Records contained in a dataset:
________________________________________
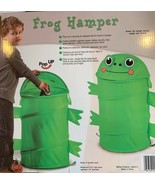 POP UP FOLDABLE CLOTHES LAUNDRY HAMPER BASKET STORAGE BIN FROG HAMPER - $16.82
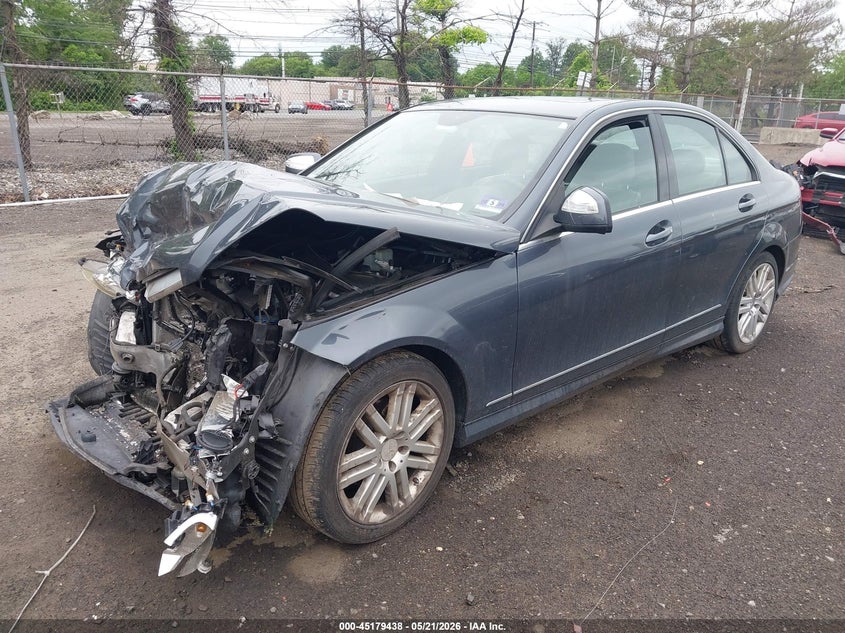 2008 Mercedes-benz C class VIN WDDGF81X68F110363 IAAI salvage auction — FRONT END, Salvage (New Jersey), sold $550 on 2026-08-03 (photo 2)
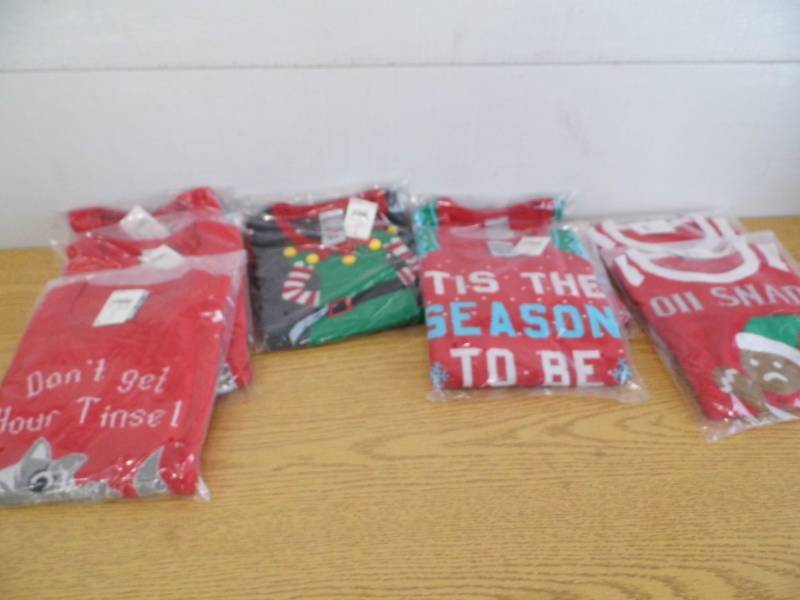 Lot of 8 Assorted Kids Christmas Sweaters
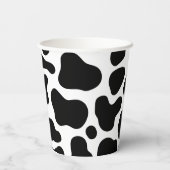 Moo schattig bloemenroze Heilige Koe 1e Verjaardag Papieren Bekers (Achterkant)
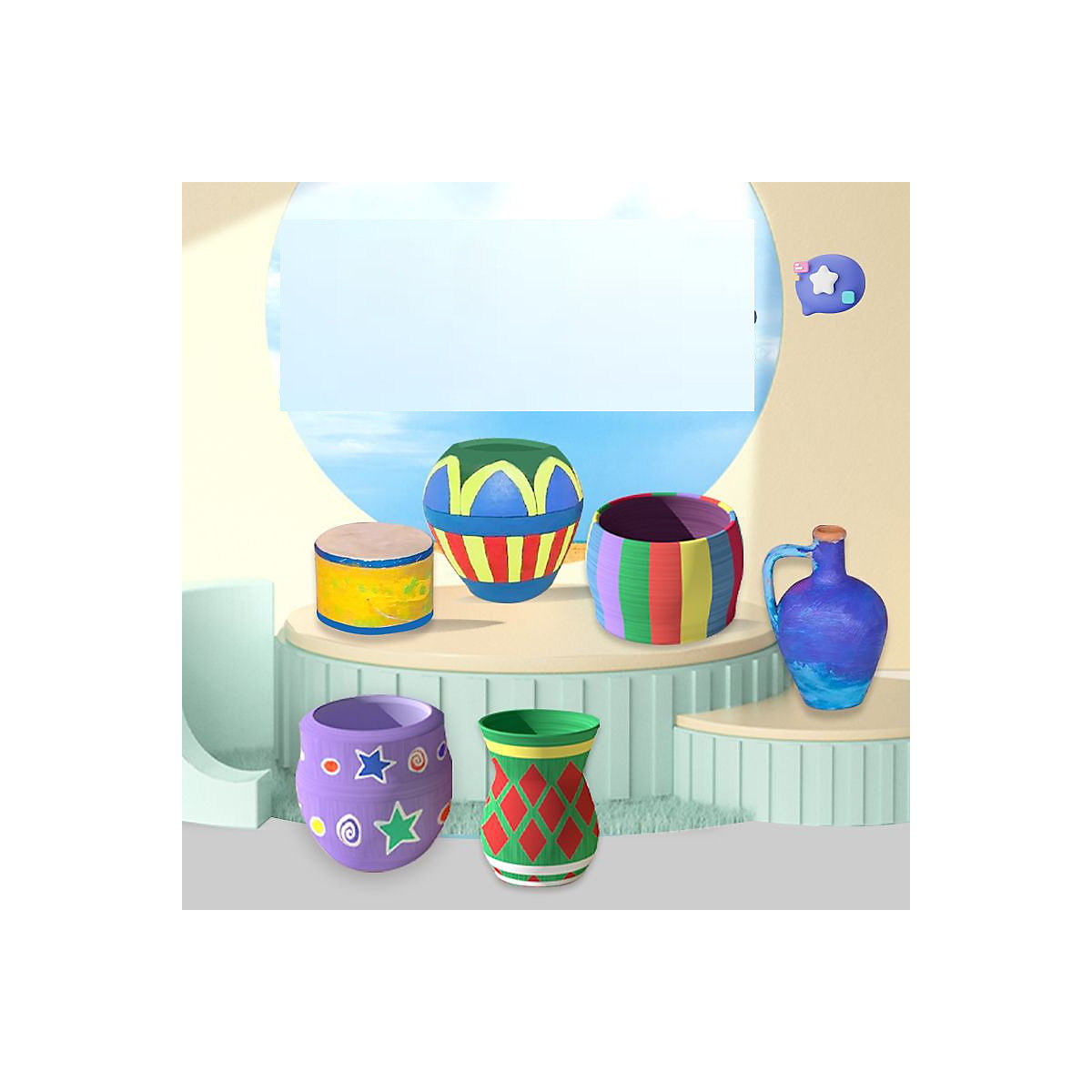 Töpfermaschine für Kinder aus weichem Ton Clay Machine für Kinder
________________________________________
→ Task requirements
Only an exact copy belongs in the answer: the lines from the one containing "Lot of 8 Assorted Kids Christmas Sweaters" through the end of the records, both ends included, minus the pictures.

→ Completed task
 Lot of 8 Assorted Kids Christmas Sweaters
 Moo schattig bloemenroze Heilige Koe 1e Verjaardag Papieren Bekers (Achterkant)
 Töpfermaschine für Kinder aus weichem Ton Clay Machine für Kinder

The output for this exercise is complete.